- GIVEN INFORMATION
--------------------

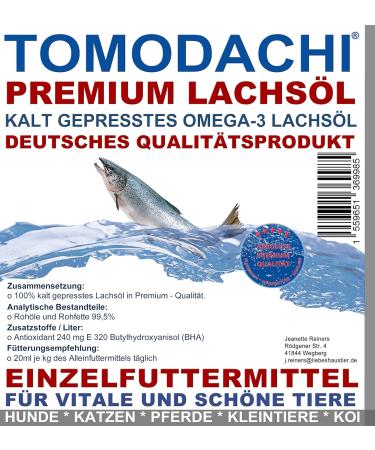 Tomodachi Cold-Pressed Salmon Oil for Cats | German Quality Omega-3 Fish Oil for Skin & Fur | 1L BARF Oil - Immune Protection - Buy Online on SooperMarket.com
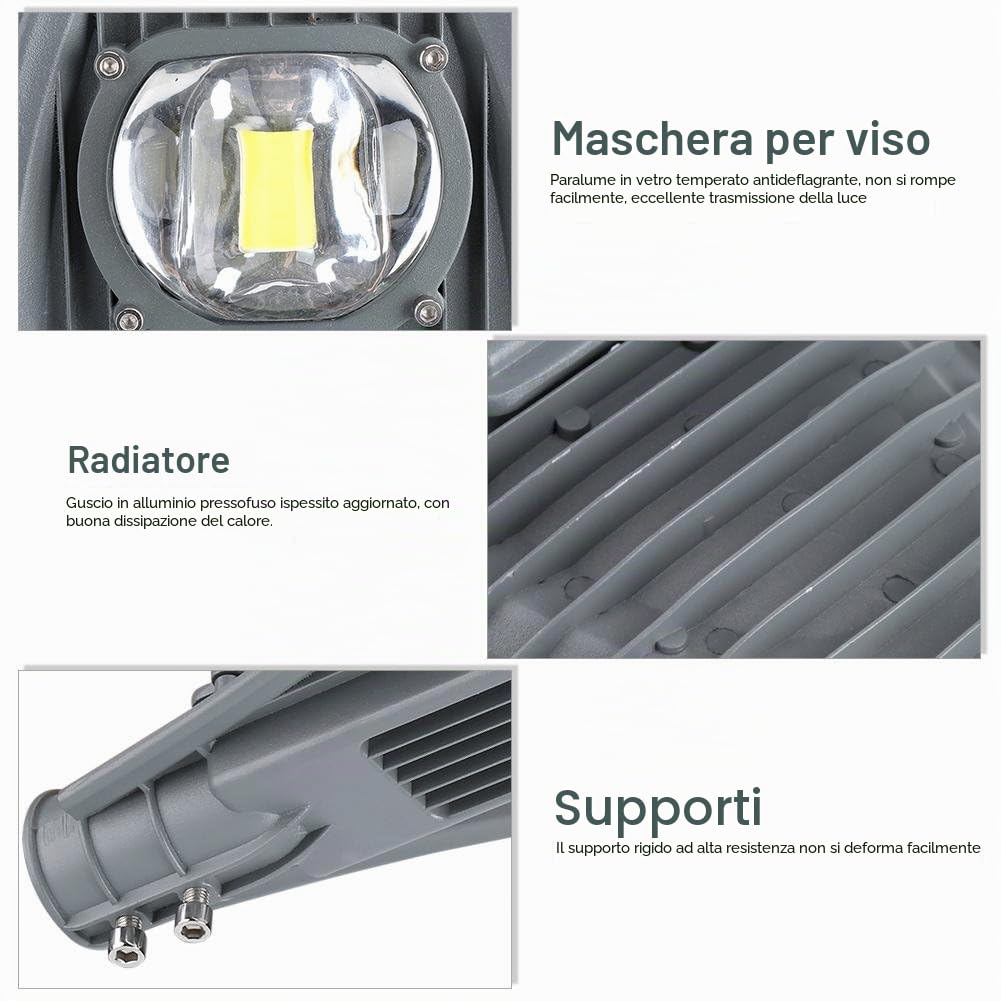 Lampione Stradale a LED Impermeabile Esterna Fredda/Calda Bianca, Tempo di Servizio Lungo (Fino a 50000 Ore) per Cantiere, Cortile, Strada di Campagna, Strada, Piazza(Bianco Freddo 50w)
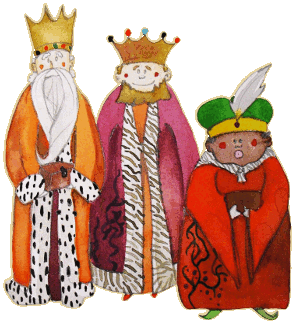 Els Reis d'Orient: Melcior, Gaspar i Baltasar.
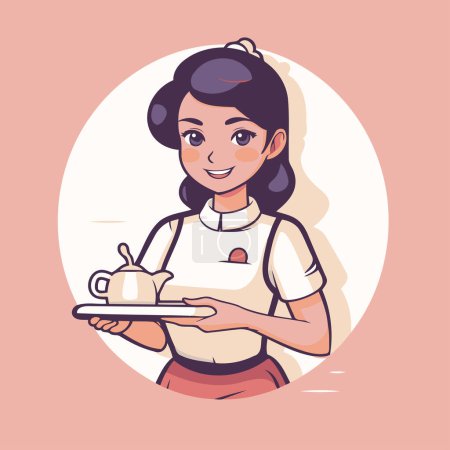 Illustration for Coffee shop waitress holding tray with cup of tea. Vector illustration. - Royalty Free Image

--------------------

- TASK PROMPT
Pictures in the material above should be skipped; print exactly the lines from the one with "Lampione Stradale a" through the one with "Els Reis d'Orient: Melcior, Gaspar".

- ANSWER AREA
 Lampione Stradale a LED Impermeabile Esterna Fredda/Calda Bianca, Tempo di Servizio Lungo (Fino a 50000 Ore) per Cantiere, Cortile, Strada di Campagna, Strada, Piazza(Bianco Freddo 50w)
 Els Reis d'Orient: Melcior, Gaspar i Baltasar.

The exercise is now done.